My first week with the new dbt
This post first appeared in The Analytics Engineering Roundup.
I’ve been writing dbt code for coming up on 8 years. I don’t get as much time to do that these days as I used to (forever a point of frustration), but I do roll my sleeves up periodically. And last week I did a bit of a desk-sweep—I cancelled everything non-essential and dug in on the new and improved dbt experience we shipped at Coalesce.
I truly believe that it is not possible to understand a product unless you use it yourself, and feel strongly that one of my most important roles as CEO is being a long-term advocate for the voice of the practitioner in the product development process. Doing this is a tremendous investment of time, but there are few things more important.
In fact, this is where much of our roadmap came from leading up to Coalesce 2023. As I shared in my keynote, I went through this same process roughly a year ago and found my experience to be…suboptimal. I realized the friction that project complexity was creating in the dbt user experience and committed to fixing that over the coming year. Most of our product launches from last month fell out of this in one way or another.

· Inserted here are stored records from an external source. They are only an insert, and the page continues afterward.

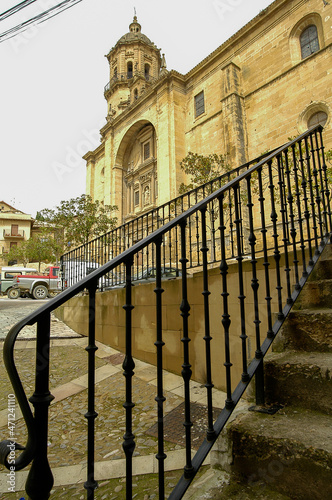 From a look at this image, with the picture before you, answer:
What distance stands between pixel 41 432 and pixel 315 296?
2.22 meters

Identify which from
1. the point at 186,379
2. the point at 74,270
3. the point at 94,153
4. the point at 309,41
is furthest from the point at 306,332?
the point at 94,153

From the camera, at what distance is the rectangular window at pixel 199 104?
19.6 m

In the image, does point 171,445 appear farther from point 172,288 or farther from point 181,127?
point 181,127

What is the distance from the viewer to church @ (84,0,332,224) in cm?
1381

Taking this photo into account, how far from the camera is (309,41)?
14234 millimetres

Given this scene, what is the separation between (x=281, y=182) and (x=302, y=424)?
6.61 feet

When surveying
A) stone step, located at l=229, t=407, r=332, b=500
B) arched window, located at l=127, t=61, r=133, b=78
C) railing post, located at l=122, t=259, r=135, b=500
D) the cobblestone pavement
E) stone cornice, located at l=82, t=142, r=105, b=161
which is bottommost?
the cobblestone pavement

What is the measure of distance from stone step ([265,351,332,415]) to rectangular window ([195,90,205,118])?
67.4 ft

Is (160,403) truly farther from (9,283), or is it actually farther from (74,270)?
(9,283)

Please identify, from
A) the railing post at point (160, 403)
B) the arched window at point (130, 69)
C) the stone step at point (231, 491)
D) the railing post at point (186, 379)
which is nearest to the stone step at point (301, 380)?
the stone step at point (231, 491)

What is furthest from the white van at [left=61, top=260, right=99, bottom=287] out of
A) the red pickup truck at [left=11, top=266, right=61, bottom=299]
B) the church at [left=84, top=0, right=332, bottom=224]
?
the church at [left=84, top=0, right=332, bottom=224]

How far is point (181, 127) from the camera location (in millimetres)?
20422

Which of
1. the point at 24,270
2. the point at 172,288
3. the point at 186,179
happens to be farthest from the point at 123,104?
the point at 172,288

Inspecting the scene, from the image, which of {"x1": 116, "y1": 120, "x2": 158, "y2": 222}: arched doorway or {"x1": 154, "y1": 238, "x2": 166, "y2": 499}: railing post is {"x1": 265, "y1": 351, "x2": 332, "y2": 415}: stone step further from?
{"x1": 116, "y1": 120, "x2": 158, "y2": 222}: arched doorway
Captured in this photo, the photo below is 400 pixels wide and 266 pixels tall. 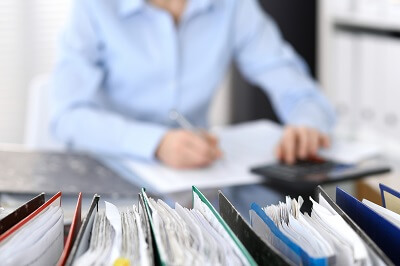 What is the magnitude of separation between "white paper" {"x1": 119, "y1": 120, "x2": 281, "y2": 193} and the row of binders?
2.11 feet

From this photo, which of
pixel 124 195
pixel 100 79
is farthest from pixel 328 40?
pixel 124 195

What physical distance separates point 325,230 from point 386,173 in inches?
31.3

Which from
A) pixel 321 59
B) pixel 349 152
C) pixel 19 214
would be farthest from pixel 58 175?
pixel 321 59

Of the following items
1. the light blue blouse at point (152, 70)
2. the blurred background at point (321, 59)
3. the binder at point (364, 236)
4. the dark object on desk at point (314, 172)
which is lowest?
the binder at point (364, 236)

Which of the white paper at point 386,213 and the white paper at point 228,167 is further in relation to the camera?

My experience this year was so good. I kid you not, this was the most fun I have had writing dbt code—potentially ever. It was also challenging at times, but it was the good kind of challenge, the one you experience when you are practicing a new piece on the piano and your fingers just don’t (yet) know how to do the thing they’re supposed to do. I was learning a lot, building muscle memory, and trying to update my mental model of the world.
Here’s an attempt to bottle up what I learned and share it.
First: Deferral is Awesome
I’m a CLI user. It’s hard to not be when most of my experience with dbt predates the dbt Cloud IDE. There was just too much muscle memory built into this flow of development, from
cmd-tab to all of the VSCode-native functionality that one would expect.
In the past, that meant I wasn’t using dbt Cloud in my development process. Now, with the Cloud CLI, that’s no longer true. With the Cloud CLI, every
dbt build I execute on the command line is parsed and executed from within a VM living inside of dbt Cloud’s infrastructure. This means: I no longer have to do local version upgrades, a massive advantage for someone like me who honestly just doesn’t have time to f around with Python dependencies. The Cloud CLI installed with zero hiccups and auth’ing to our Cloud account was seamless. And it’s quite fast—I don’t perceive a difference vs. local execution on a project of 1,000 models.
The install/upgrade experience is nice, but that’s just the appetizer. My personal favorite part of Cloud CLI is that I can take advantage of dbt Cloud’s statefulness via a feature called “auto-deferral”. Auto-deferral (now also available in the IDE) means that every time you execute a dbt run, dbt is comparing the state of your development project to the state of the production environment and it is only executing code in your development environment where that code differs from production, or is downstream of those changes. All upstream references point to prod.
Just from hearing that description it’s hard to picture what a massive improvement this is. Let me try coming at this another way. A typical development flow in dbt goes like this:
- create feature branch
dbt buildto initialize your dev environment
- write some code to implement a feature
dbt buildthe models you’ve changed
- iterate 4&5 until you’re happy
- submit PR
Previously, step #3 would take a long time for folks with serious dbt projects. Development environments are, by default, identical to production. So by default you’re running your entire project from scratch—500, 1000, however many models and however much compute. Now, you’re running some tiny % of that…the stuff that is actually relevant to the code you just changed. Save time, save $$, stay in flow state: win/win/win.
In my particular case, each of my dbt invocations was just a couple dozen models and took less than a minute to execute (the rest of the DAG referenced prod). That type of development experience is just worlds apart from what I had a year ago when I had to initialize my dev environment from scratch.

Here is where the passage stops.